WHAT IS BEING ASKED:
Respond with the count alone after checking every line in the material below for "Recambio".

INFORMATION PROVIDED:
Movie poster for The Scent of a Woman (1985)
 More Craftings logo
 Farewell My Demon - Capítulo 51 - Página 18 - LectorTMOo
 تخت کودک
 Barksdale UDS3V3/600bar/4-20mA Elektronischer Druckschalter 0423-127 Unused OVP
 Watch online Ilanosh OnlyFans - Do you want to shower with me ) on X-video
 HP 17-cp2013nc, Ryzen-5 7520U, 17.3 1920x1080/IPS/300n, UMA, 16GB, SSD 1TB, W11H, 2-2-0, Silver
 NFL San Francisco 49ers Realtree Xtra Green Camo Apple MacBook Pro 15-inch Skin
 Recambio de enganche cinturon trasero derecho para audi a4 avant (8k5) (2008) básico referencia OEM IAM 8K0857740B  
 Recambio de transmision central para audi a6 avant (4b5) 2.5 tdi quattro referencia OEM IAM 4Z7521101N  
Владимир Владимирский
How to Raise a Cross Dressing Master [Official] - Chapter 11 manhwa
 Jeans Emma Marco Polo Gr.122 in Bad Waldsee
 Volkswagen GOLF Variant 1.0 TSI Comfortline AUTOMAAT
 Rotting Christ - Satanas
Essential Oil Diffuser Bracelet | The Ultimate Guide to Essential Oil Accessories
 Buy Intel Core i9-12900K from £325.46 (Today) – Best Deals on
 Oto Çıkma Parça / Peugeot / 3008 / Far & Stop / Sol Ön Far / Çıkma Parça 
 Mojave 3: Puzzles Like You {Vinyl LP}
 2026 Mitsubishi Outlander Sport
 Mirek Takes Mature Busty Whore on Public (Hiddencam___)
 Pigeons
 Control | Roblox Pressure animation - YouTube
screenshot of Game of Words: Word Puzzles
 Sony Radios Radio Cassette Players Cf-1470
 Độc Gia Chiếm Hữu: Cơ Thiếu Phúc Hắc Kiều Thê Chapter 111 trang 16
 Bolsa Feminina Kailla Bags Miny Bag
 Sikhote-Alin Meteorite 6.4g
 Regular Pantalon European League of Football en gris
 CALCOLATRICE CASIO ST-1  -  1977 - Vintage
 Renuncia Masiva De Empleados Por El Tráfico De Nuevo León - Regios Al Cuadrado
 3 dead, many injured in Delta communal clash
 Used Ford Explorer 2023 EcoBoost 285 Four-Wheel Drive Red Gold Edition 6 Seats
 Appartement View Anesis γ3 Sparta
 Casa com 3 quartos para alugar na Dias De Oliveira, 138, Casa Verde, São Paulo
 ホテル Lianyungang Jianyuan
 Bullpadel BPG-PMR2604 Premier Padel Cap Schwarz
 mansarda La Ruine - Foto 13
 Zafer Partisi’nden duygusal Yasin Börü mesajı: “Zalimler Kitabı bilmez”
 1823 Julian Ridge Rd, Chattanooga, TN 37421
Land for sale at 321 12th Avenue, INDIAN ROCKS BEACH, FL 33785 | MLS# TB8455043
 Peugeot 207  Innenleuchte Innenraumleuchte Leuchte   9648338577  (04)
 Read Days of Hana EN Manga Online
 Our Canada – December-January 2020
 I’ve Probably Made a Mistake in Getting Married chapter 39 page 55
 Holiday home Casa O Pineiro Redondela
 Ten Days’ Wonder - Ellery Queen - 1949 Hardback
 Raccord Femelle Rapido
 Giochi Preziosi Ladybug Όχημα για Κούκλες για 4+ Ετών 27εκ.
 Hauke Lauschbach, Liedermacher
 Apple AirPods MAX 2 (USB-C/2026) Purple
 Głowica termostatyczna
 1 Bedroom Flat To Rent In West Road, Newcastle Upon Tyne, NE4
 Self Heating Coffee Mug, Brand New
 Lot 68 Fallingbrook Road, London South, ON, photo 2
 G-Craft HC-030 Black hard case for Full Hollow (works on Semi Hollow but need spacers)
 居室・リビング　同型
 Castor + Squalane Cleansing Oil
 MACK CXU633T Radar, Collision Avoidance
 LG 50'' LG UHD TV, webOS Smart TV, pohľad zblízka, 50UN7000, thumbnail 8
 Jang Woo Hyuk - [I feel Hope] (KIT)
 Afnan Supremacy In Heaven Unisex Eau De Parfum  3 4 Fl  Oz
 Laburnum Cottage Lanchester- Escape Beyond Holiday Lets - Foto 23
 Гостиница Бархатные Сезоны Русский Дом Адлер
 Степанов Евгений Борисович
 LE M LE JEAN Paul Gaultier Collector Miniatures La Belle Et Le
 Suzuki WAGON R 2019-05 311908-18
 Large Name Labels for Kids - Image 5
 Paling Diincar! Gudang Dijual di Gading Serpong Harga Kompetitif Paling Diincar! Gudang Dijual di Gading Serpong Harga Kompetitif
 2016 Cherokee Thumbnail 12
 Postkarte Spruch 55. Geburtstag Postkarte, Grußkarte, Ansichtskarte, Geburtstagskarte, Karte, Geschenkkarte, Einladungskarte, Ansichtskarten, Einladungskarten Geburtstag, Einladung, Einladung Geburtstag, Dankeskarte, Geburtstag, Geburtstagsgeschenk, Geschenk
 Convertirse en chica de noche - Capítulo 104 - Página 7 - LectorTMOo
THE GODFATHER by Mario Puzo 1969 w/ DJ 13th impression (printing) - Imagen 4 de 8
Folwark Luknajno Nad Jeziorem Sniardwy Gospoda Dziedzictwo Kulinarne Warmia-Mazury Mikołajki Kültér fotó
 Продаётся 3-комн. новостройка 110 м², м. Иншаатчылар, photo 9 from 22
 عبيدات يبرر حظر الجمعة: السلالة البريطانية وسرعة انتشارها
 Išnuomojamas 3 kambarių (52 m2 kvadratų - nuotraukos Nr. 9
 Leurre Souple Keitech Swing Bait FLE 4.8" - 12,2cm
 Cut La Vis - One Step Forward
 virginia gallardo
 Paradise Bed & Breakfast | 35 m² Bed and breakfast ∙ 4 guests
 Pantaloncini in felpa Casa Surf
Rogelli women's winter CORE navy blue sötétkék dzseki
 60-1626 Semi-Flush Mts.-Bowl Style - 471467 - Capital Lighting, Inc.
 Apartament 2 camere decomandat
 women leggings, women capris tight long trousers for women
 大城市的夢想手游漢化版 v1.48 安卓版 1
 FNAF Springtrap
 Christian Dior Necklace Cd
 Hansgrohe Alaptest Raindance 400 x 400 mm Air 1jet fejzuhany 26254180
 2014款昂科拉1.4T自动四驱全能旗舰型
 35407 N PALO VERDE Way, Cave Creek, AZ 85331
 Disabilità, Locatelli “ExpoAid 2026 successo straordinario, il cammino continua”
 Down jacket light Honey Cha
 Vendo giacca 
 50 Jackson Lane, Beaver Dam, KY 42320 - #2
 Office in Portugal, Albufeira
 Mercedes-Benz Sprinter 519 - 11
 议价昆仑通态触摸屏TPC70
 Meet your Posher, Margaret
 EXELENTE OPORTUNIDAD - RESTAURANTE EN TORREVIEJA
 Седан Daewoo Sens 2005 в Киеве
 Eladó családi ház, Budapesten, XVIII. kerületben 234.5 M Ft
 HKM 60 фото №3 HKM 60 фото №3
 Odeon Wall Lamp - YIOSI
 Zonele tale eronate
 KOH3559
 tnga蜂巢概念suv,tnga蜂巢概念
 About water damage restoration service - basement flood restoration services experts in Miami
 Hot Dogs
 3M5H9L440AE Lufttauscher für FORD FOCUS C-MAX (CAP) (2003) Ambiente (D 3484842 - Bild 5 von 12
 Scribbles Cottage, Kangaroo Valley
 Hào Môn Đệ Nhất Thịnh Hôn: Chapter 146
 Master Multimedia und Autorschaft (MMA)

SOLUTION:
2